Johnny Herbert’s second Grand Prix win was as timely as it was fortuitous. Not wanted by the team in 1996, the 31-year-old had just broken his silence to explain his Benetton nightmare in a bid to secure alternative employment. “I don’t want to become a whinger, but I’m a quicker driver than my results suggest,” he complained, citing the Enstone operation’s one-car test team as one of the reasons he has struggled to come to terms with his team-mate. “I feel frustrated and disillusioned. This was the year in which I was finally going to fulfil my potential.”

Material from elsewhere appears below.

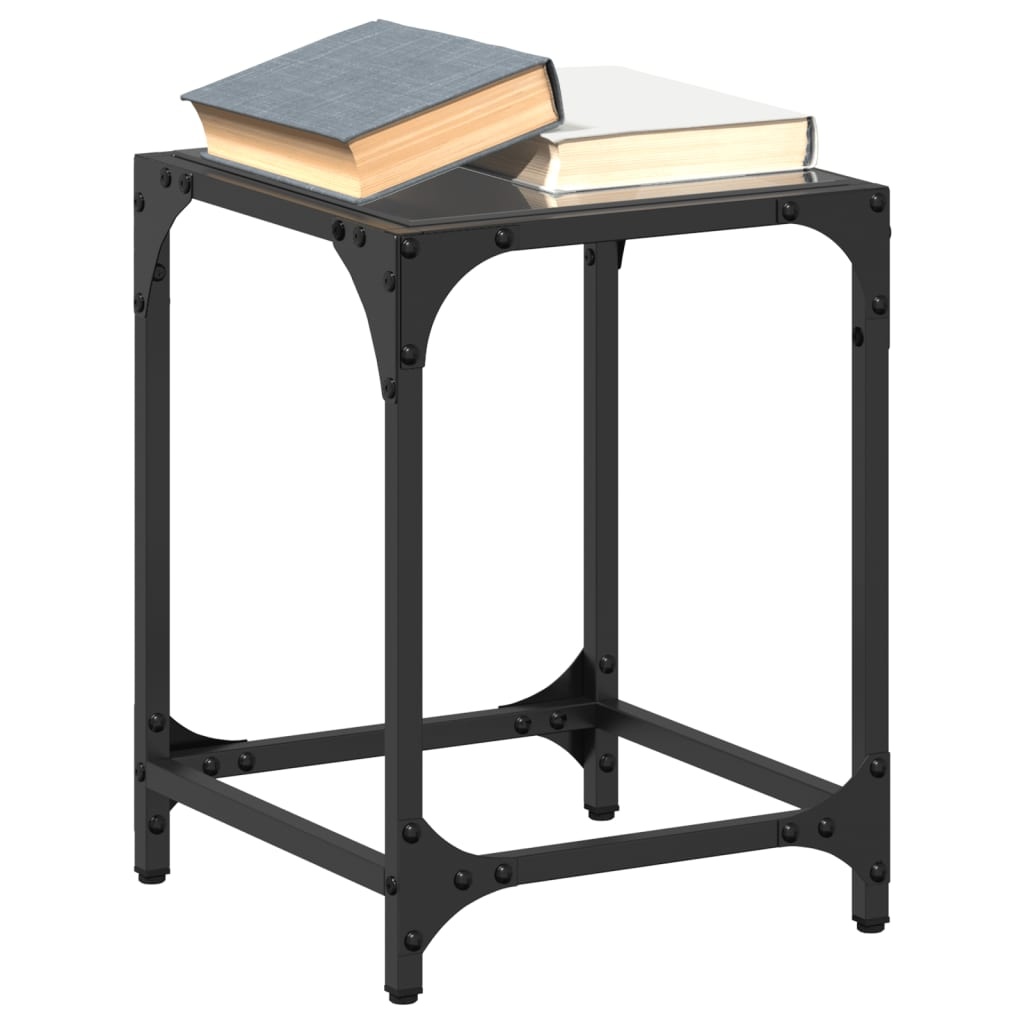 VidaXL Salontafel met zwart glazen blad 30x30x40 cm staal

From the moment the words left his lips you could probably guarantee that the top five cars running ahead of him would all retire!

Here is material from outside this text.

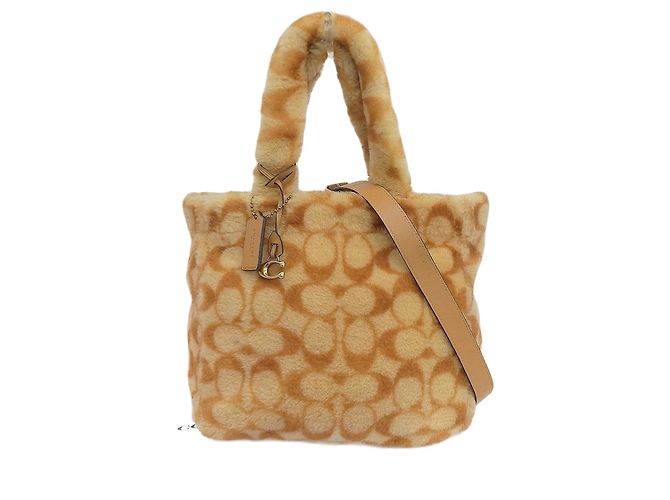 Bolsa tote de shearling assinatura Coach CC442 Marrom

The carnage notwithstanding, Herbert’s contribution shouldn’t be overlooked, stresses Ross Brawn, Benetton’s Technical Director. “I think his performance in Italy has been underestimated,” he says. “It’s a shame people don’t really understand what he was doing, because his victory was very well deserved. If you look at his position when everything had settled down, as it were, he was only seven or eight seconds behind Alesi who apart from Coulthard’s retirement was leading the race virtually on merit. If Johnny hadn’t pressured the Ferrari, its wheel bearing might never have failed.”

Nor should the team’s contribution be overlooked. Having started with a heavier fuel load than his rivals, Herbert was behind both Mika Hakkinen and Rubens Barrichello in the early stages and either man could have been there to pick up the pieces when Alesi retired eight laps from the end. That they weren’t revolved around a four-lap spell in the middle of the race.

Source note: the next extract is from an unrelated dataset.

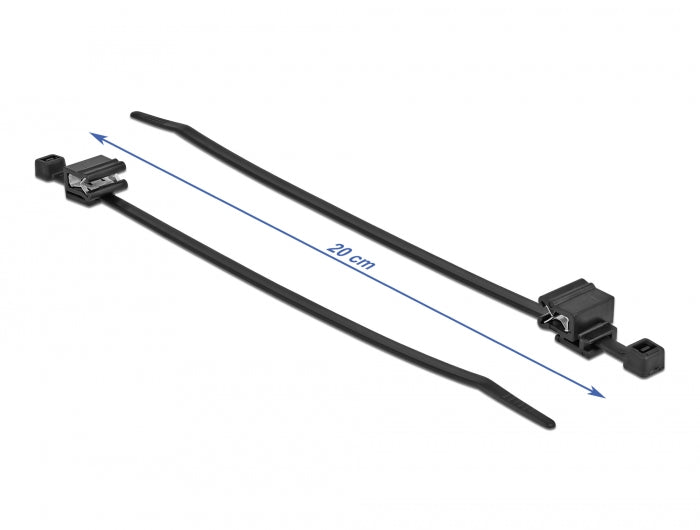 Delock Kabelbinder mit Befestigungsclip L 200 x B 4,8 mm schwarz 50 Stück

The surviving Benetton was the last car on a one-stop strategy to pit for fuel, coming in on lap 30 where Barrichello and Hakkinen had come in on 27 and 28 respectively. When his opponents rejoined the circuit, laden with enough fuel to reach the flag, Herbert was running at his lightest. He immediately stamped in his fastest lap, the second quickest of the race, to snatch six seconds from the Brazilian, five from the Finn. He stole a further three and a half seconds at his own pit stop by dint of having less fuel to take on-board.

How could that happen?

Time and again this season, Benetton has out-manoeuvred opponents, and the suspicion lingers that the B195 was designed with a larger fuel tank than many of its rivals, thus conferring a greater deal of tactical flexibility. At Monza, as at Montreal earlier in the season, its car was clearly able to run far deeper into the race than its rivals before making a refuelling stop. Schumacher in particular has looked relatively at sea in qualifying, only to shock the Williams duo with his pace on full tanks come race day, and it could be that Benetton not only has the ability to run more fuel but profits from a better centre of gravity by virtue of its positioning.

Consequently, there was nothing wrong with Herbert’s positioning when the cards fell in his favour. Here, as at Silverstone, his was the perfect rearguard action: ideally placed to pick-up the pieces when his team-mate retired, once ahead he never looked likely to throw it away.

Herbert has now been rejected twice by Benetton. For a ‘failure’, two wins in five races isn’t so shabby…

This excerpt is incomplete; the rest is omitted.